> _Aim of the exercise_
Using the records below, write out again exactly the lines that begin at the line containing "monster master มอนเตอร์" and end at the line containing "Страница 215", and no other lines.

> _Supplied material_

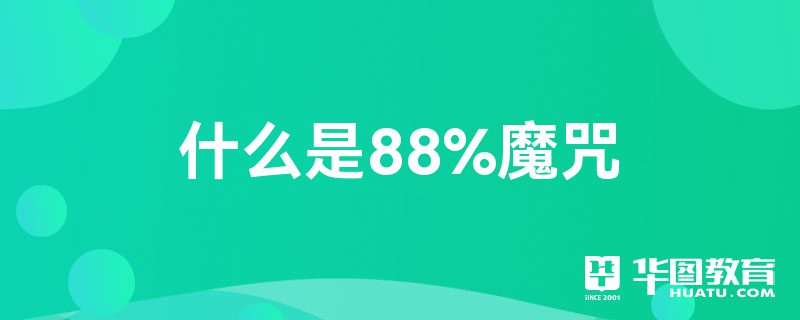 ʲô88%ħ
...
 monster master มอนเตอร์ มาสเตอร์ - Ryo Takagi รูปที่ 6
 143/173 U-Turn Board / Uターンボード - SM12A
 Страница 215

> _Exercise output_
 monster master มอนเตอร์ มาสเตอร์ - Ryo Takagi รูปที่ 6
 143/173 U-Turn Board / Uターンボード - SM12A
 Страница 215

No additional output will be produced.